Tersangka Said Agil dan Novian Ropita Kembalikan Uang Rp 130 Juta

Written By Unknown on Jumat, 26 Desember 2014 | 12.41

Laporan Tribunnews Batam, Aprizal

TRIBUNNEWSBATAM.COM, TANJUNGPINANG - Belum kelar proses penyidikan dugaan korupsi dana hibah Pemrov Kepri ke Komisi Pemilihan Umum (KPU) Kepri dalam Pemilihan Gubernur (Pilgub) tahun 2010, dua tersangka, Said Agil dan Novian Ropita, berinisiatif mengembalikan uang kerugian negara.

Meski demikian, pengembalian uang hasil korupsi tersebut tidak serta merta menghilangkan perbuatan melawan hukum tersebut.

Kasi Pidana Khusus (Pidsus) Kejaksaan Negri (Kejari) Tanjungpinang, Maruhum, mengungkapkan, mantan Sekretaris KPU Kepri yakni Said Agil, telah mengembalikan uang sebesar Rp 88 juta.

Sementara mantan Bendahar yakni Novian Ropita, juga telah mengembalikan uang sebesar kurang lebih Rp 50 juta. Uang yang diduga hasil korupsi tersebut dititipkan melalui penyidik Kejari Tanjungpinang.

"Dalam penetapan tersangka korupsi, penyidik juga berupaya mengembalikan kerugian negara. Setelah penetepan kedua tersangka, tersangka bersedia mengembalikan uang diduga hasil korupsi yang diperoleh sebesar kurang lebih Rp 138 juta. Uang itu akan dipergunakan sebagai barang bukti dalam persidangan,"kata Maruhum.

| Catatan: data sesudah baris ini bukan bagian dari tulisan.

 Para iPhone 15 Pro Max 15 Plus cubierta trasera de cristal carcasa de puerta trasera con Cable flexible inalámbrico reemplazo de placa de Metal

Meski, tersangka Said Agil dan Novian Ropita telah mengembalikan uang yang merupakan kerugian negara, namun tidak akan mempengaruhi proses penyidikan. Sebaliknya, jelas Maruhum, uang pengembalian tersebut akan dipergunakan sebagai barang bukti dalam persidangan.

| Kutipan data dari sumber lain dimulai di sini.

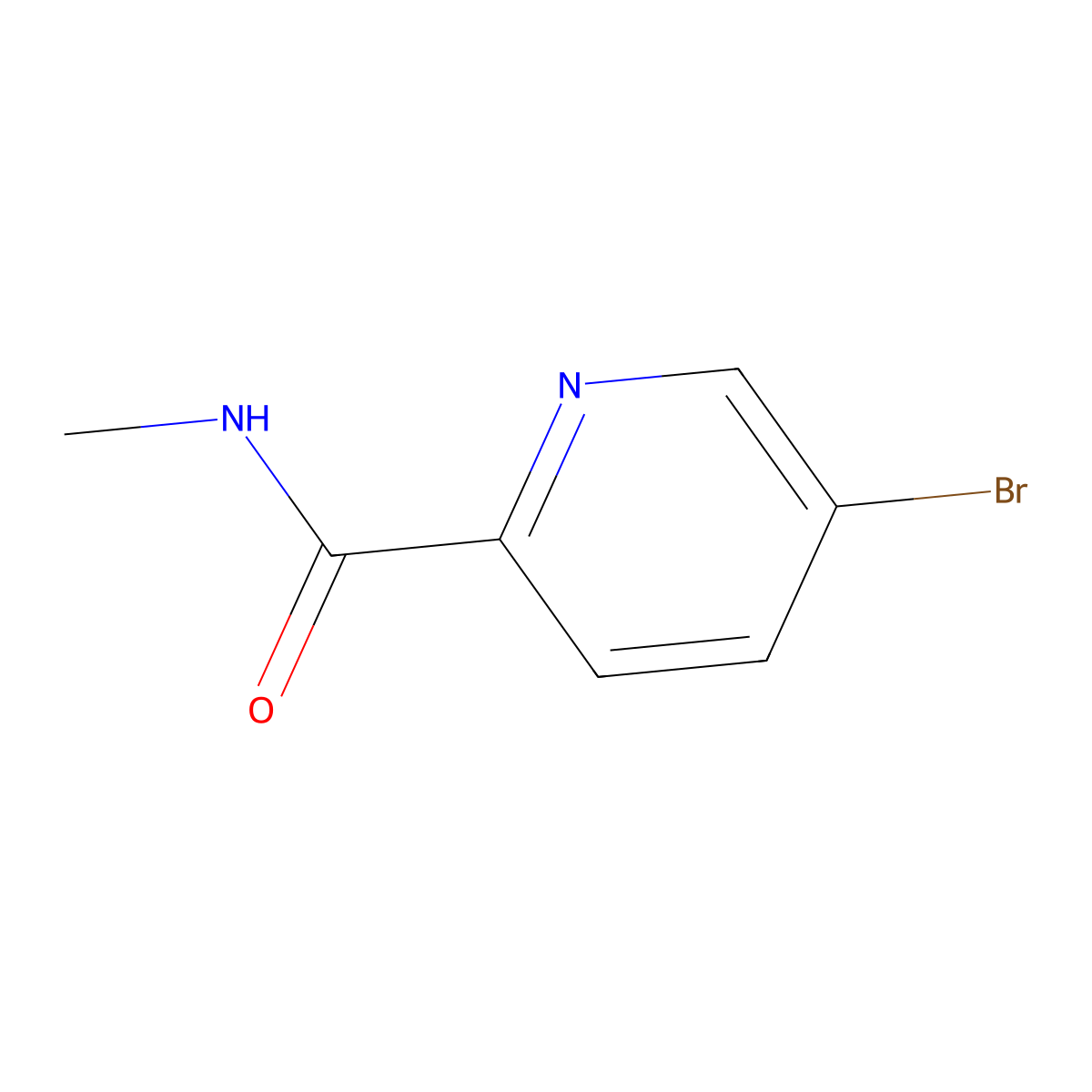 5-Bromo-N-methylpyridine-2-carboxamide molecular structure, CAS 845305-87-5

"Pengembalian uang tersebut hanya akan mempengaruhi tuntutan jaksa. Bila seharusnya tersangka dituntut agar memberikan uang penganti terhadap kerugian negara, dengan dikembalikan uang itu maka tuntutan itu akan dihilangkan,"ujar Maruhum.

Hingga kini, kata Maruhum, penyidik Kejaksaan sudah selesei memeriksa kedua tersangka dan meminta keterangan sejumblah saksi. Pihaknya juga sudah melakukan pemberkasan, sehingga secepatnya dilimpahkan ke Pengadilan. Sebelum dilimpahkan, kata Maruhum, kelengkapan pemberkasan hanya tinggal menunggu audit BPK.

Sementara itu Kajari Tanjungpinang Harry Ahmad Pribadi mengatakan, setelah menetapkan kedua tersangka penyidik Kejaksaan terus mendalami keterlibatan orang lain. Dalam dugaan kasus korupsi dana hibah ini, terang Harry, penyidik juga telah melacak aset-aset pejabat di KPU Kepri tahun 2010.

"Dalam kasus korupsi dana hibah KPU Kepri, tidak menutup kemungkinan akan bertambah tersangka. Makanya aset pihak-pihak terkait ditelusuri, termasuk aset mantan Ketua KPU dan seluruh Komisioner. Saat ini jaksa penyidik hanya tinggal menunggu audit BPK,"kata Harry singkat.

Sebagaimana diketahui, Kejari Tanjungpinang sebelumnya telah melakukan penyelidikan dugaan tindak pidana korupsi atas penggunaan dana hibah Pilkada Gubernur Kepri tahun 2010, atas temuan BPK yang menyatakan adanya kerugian negara sebesar Rp1,3 miliar dari total Rp10,3 milliar dana hibah yang diterima KPU Kepri.

Dari total dana hibah tersebut, didapati anggaran sebebesar Rp 1,340 milliar lebih tidak bisa dipertangung jawabkan bendahara KPU NR dan dan Sekretaris KPU 2010 SA dalam pelaksanaan Pilkada Gubernur Kepri 2010.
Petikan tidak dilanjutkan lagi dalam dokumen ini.